The Hubble Space Telescope has captured a breathtaking image of a spiral galaxy that is about 20 million light years away.
The galaxy, called NGC 3344 and located in the constellation of Leo Minor, can be seen head-on in the incredible photo.
NGC 3344 is only half the size of the Milky Way, but it stands out because of its striking beauty, according to a statement released by the Hubble Space Telescope today.
The Hubble Space Telescope has captured this stunning image of the NGC 3344 galaxy, which is 20 million light years away. According to NASA, it’s located in the constellation of Leo Minor
‘Beauty, grace, mystery – this magnificent spiral galaxy has all the qualities of a perfect galactic Valentine,’ the statement read.
It continued: ‘Captured by the NASA/ESA Hubble Space Telescope, the galaxy NGC 3344 presents itself face-on, allowing astronomers a detailed look at its intricate and elegant structure.’
The stunning image was made possible by a combination of Hubble’s capabilities and the galaxy’s positioning, the statement explained.
‘Hubble’s ability to observe objects over a wide range of different wavelengths reveals features that would otherwise remain invisible,’ the statement explained.
The statement also said that spiral galaxies such as NGC 3344 can be seen from a number of angles, all of which reveal different details about them to scientists.
‘Some are seen edge-on, giving astronomers an excellent idea of the galaxy’s vertical structure; others are seen at an angle, providing a hint of the size and structure of the spiral arms; while others are seen face-on, showcasing their arms and bright core in all their beauty.’
The new image shows the NGC 3344 galaxy, which is categorized as weakly barred, head-on. The image shows the central bar in the galaxy, though it is faint. It is the ‘elongated lane of stars trailing through the nucleus of the galaxy’.
Astronomers believe two-thirds of spiral galaxies are barred like the one featured in the photo, including the Milky Way.
The galaxy, which can also be seen here, is a spiral galaxy. It is a part of a group that leads off the Virgo Supercluster, which is made up of several thousand galaxies. NGC 3344 is only half the size of the Milky Way
The new picture is actually the combined images of a number of photos taken by the Hubble.
‘Hubble’s capacity to observe celestial objects in different wavelengths allows us to see more than just the spiral arms sweeping out loosely around the center in a gorgeous whorl.
‘This image is a composite of images taken through different filters, ranging from the near ultraviolet, to the optical and the near-infrared. Together, they show a more complete picture of the galaxy,’ the statement explained.

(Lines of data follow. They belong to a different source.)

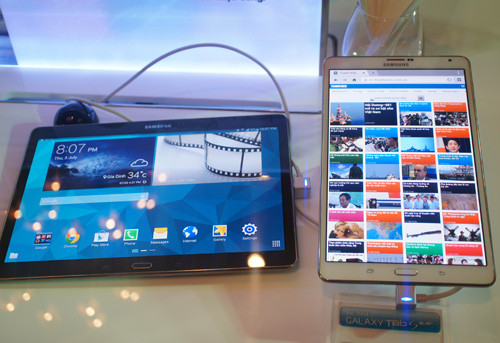 Galaxy Tab S hỗ trợ bảo mật vân tay ra mắt tại Việt Nam
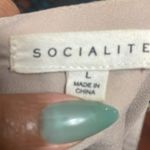 Socialite  Womens Leopard pattern fringed layered teddy tank Size Large Photo 6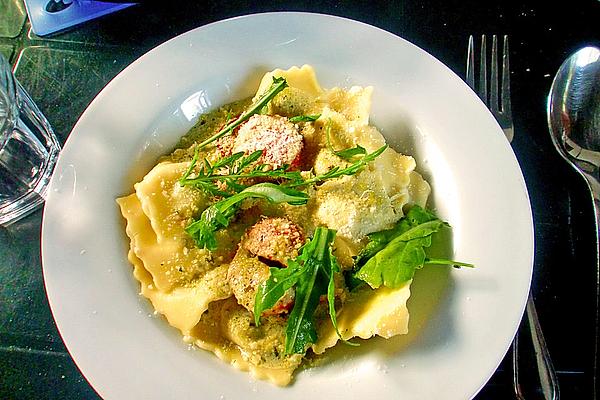 Homemade Ravioli with Meat Filling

The detailed image released today would not be possible to take in with the human eye alone.
The galaxy’s spiral arms shown in the photo are the regions where new stars are born. These stars’ high temperatures allow them to to shine blue, which is why they are easily identifiable in the picture.
Additionally, dust and gas clouds located in the spiral arms can be seen glowing red in the photo. Materials for more stars exist in these clouds.

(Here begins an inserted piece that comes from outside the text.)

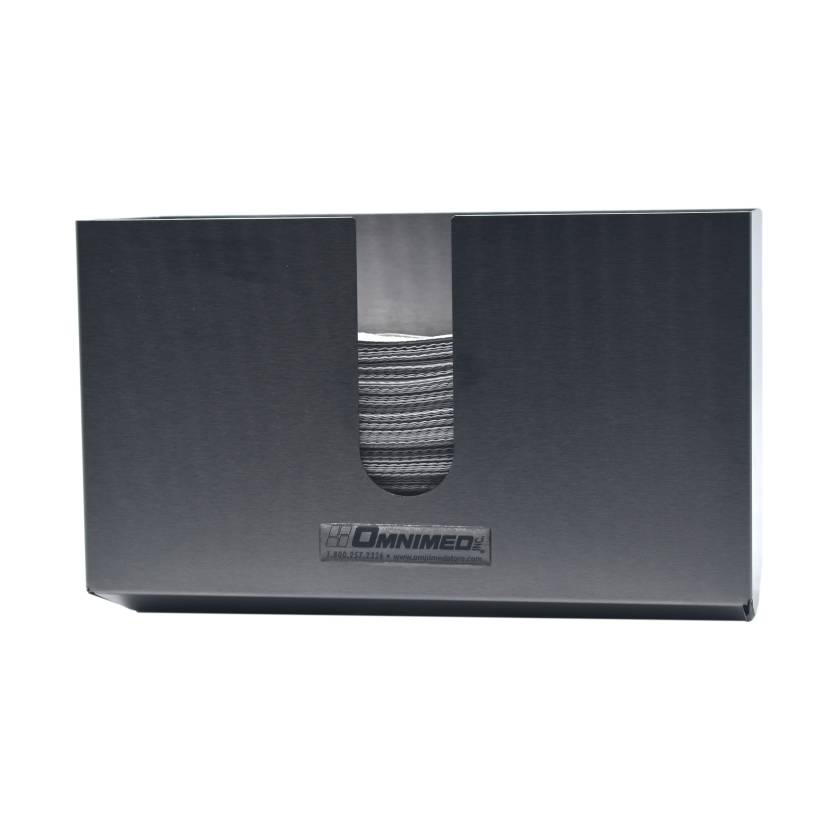OmniMed 304025 Stainless Steel Wall Mounted Paper Towel Dispenser (The Paper Towel is Not Included)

But the stars that can be seen on the left side of the picture are closer to earth. The statement says these ‘bright, jewel-like stars…belong to our own galaxy and just happened to photobomb this Hubble image’.
Even though the picture reveals much detail about NGC 3344, the statement says that scientists do not have a great understanding of the galaxy’s features.

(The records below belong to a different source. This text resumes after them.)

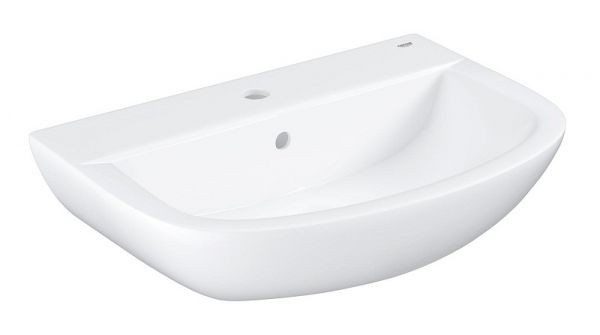 Lavoar baie, Grohe, Bau, ceramica, alb lucios, 60.9x44.2x15.2cm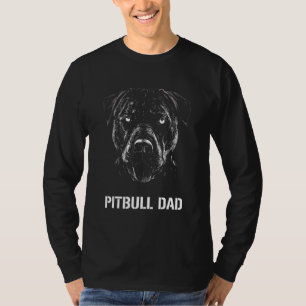 Military Dog Pitbull Dad T-Shirt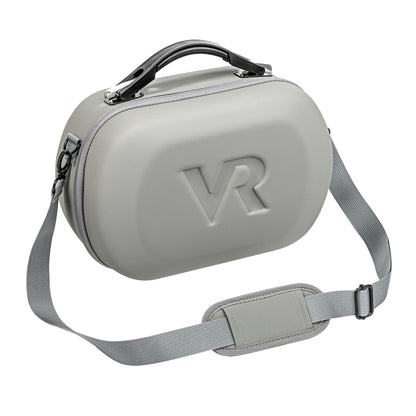 DEVASO For PlayStation VR2 PU Leather Storage Bag VR Glasses Shockproof Tote Crossbody Bag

Astronomers do not understand the paths of some of the galaxy’s outer stars.
Sometimes a high concentration of a galaxy’s stars in its center can influence outer stars’ movements, but scientists do not think this is what has happened in NGC 3344.
Instead, astronomers think these ‘weirdly behaving outer stars’ could have originally belonged to another galaxy and then been ‘stolen’ by NGC 3344.
They are also perplexed by NGC 3344’s positioning. The statement noted that the galaxy is part of a group that leads off the Virgo Supercluster, which it describes as ‘a gargantuan collection of several thousand galaxies’.
‘[NGC 3344] stands out from these thousands of galaxies because of its beauty, which highlights to us the elegance of the Universe,’ the statement ends.